Martín es el hijo pródigo que volvió al Instituto. Cuando se fue, le dije que la cuestión entre él y yo no estaba zanjada. Pero desde que ha vuelto sigue tal cual, como siempre, en todas las clases: «Yo no estoy de acuerdo», «Desengáñese, profe, la vida es esto, no hace falta más», «Soy feliz, me bastan las cosas tal cual son», «No hay otro sentido de la vida que el que dan las cosas». Desde que volvió siempre la misma canción. Hemos comenzado el bachillerato y parece que nada ha cambiado después de cuatro años. Pero Martín, impertérrito, sigue inscribiéndose en la asignatura de religión.
«Profe, ¿podemos quedar para hablar un día tranquilamente?», me preguntó. Yo me temía una conversación acerca de sus ideas sobre cómo afrontar la vida, pero la simpatía y el afecto que me produce un alumno que sigue y sigue sin desaliento intentando dar respuesta a su vida es más fuerte que cualquier otra consideración o cansancio en mí. Así que lo invito a cenar.

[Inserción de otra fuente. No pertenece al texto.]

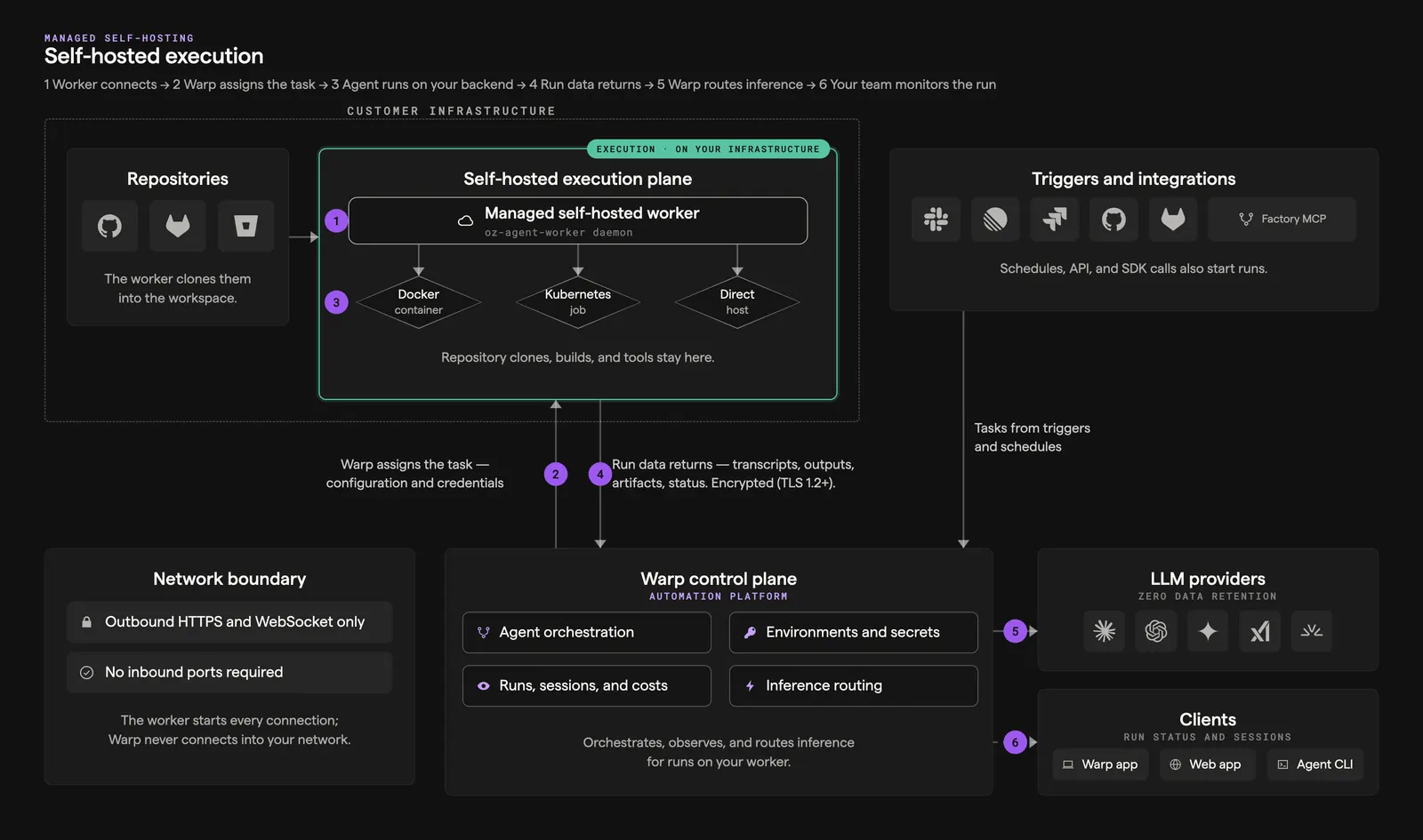 Self-hosted execution architecture diagram showing the managed worker on customer infrastructure connecting outbound to the Warp control plane, with numbered flow steps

Trascurridos los primeros momentos Martín va al grano: «Profe, no puedo evitar el notar que siempre me falta algo. Yo creía que a medida que tuviera más años, viviera cosas nuevas, eso desaparecería. Sin embargo, cuantas más experiencias vivo, es peor». Yo estoy sorprendido de semejante confesión, así que le pregunto: «Y todas las ideas que tienes sobre cómo vivir y ser feliz, ¿qué ha sido de ellas?». «Me he dado cuenta – me dice Martín – de que al final no era sino la gestión de un problema que no puedo resolver. Profe, me siento pobre, muy pobre. Pero tengo 17 años, ¡no quiero ser pobre!». Los ojos se le han rayado de lágrimas, así que decido salir del restaurante para que nos dé el fresco. «¿Te das cuenta Martín – le digo – de que hoy te has tirado a la piscina de lleno, que te has mojado conmigo totalmente? A partir de ahora la relación entre tú y yo ha cambiado totalmente, ya no podemos mirarnos sin ser conscientes mutuamente de la verdad de nuestra pobreza». Él sigue repitiendo lo mismo: «Soy pobre, ¿y qué hago ahora?». «Y ¿qué puede hacer un pobre?», le pregunto. No me contesta. Vuelvo a preguntar, por tercera vez. Con un poco de fastidio me responde: «Pedir, ¡qué va a hacer!, pedir». Le entrego un texto y le invito a que se vea con otros compañeros y conmigo en el recreo para trabajarlo: «Empieza a mendigar».